Malaysian banks poised to ride out Covid-19 crisis — RAM Ratings

KUALA LUMPUR, March 22 — RAM Rating Services Bhd (RAM Ratings) believes that Malaysian banks will remain resilient despite the pandemic-ravaged economy.

In a statement today, RAM Ratings reiterated its stable outlook on the domestic banking sector underpinned by strong fundamentals.

“We anticipate loan expansion to come in at around three per cent in 2021 with household loans anchoring growth while business loans remain sluggish.

“Auto and home loans which charted strong growths last year will continue to benefit from the various incentives for car and property purchases,” said financial institution ratings co-head, Wong Yin Ching.

However, Wong said the projection is subjected to downside risks, such as unexpected delays in the vaccination programme or a new wave of Covid-19 infections, which might necessitate stricter lockdown measures.

According to RAM Ratings, the banking system’s gross impaired loan (GIL) ratio stayed benign at 1.60 per cent as at end-January 2021, slightly higher than the 1.51 per cent as at end-December 2019.

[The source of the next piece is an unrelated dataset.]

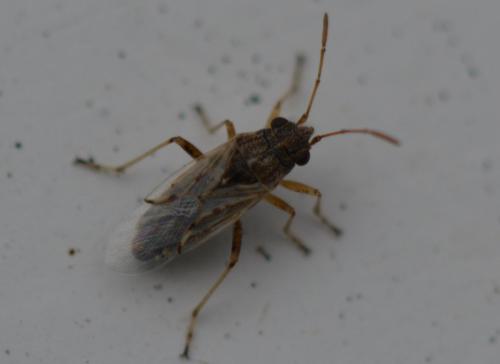 Nysius (graminicola-senecionis)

It said this ratio is likely to be upheld by the targeted repayment assistance (TRA), which has been made available to individual and small and medium enterprise borrowers following the conclusion of the six-month blanket loan moratorium in September 2020.

In addition, it said banks also remained committed to assisting corporate borrowers to restructure and reschedule (R&R) their loan repayments.

It said the latest data showed some 13 per cent, ranging from seven per cent to 18 per cent for individual banks, of eight selected local banks’ domestic portfolios are under TRA and R&R.

“Based on our estimates, the industry’s GIL ratio may come up to around 2.3-2.5 per cent in 2021.

“We expect GILs to peak only in 2022, after the expiration of all temporary relief measures,” said financial institution ratings co-head, Sophia Lee.

She said banks pre-emptively built up their provisioning buffers in 2020 as they brace for a rough ride when their underlying asset quality becomes apparent in the second half of 2021 or 2022.

The rating agency said Malaysian banks’ earnings in 2020 were weighed down by hefty pre-emptive provisions, modification losses and narrower net interest margins (NIMs).

It said NIMs were severely crimped by Bank Negara Malaysia’s slashing of the overnight policy rate by 125 bps compounded by modification charges.

“Banks’ earnings are anticipated to improve in 2021 with the absence of modification expenses and rejuvenated NIMs as deposits would have mostly been repriced at lower rates,” it said.

It added that the overall profitability is likely to remain pressured by elevated impairment charges but the banking system’s liquidity position would remain healthy.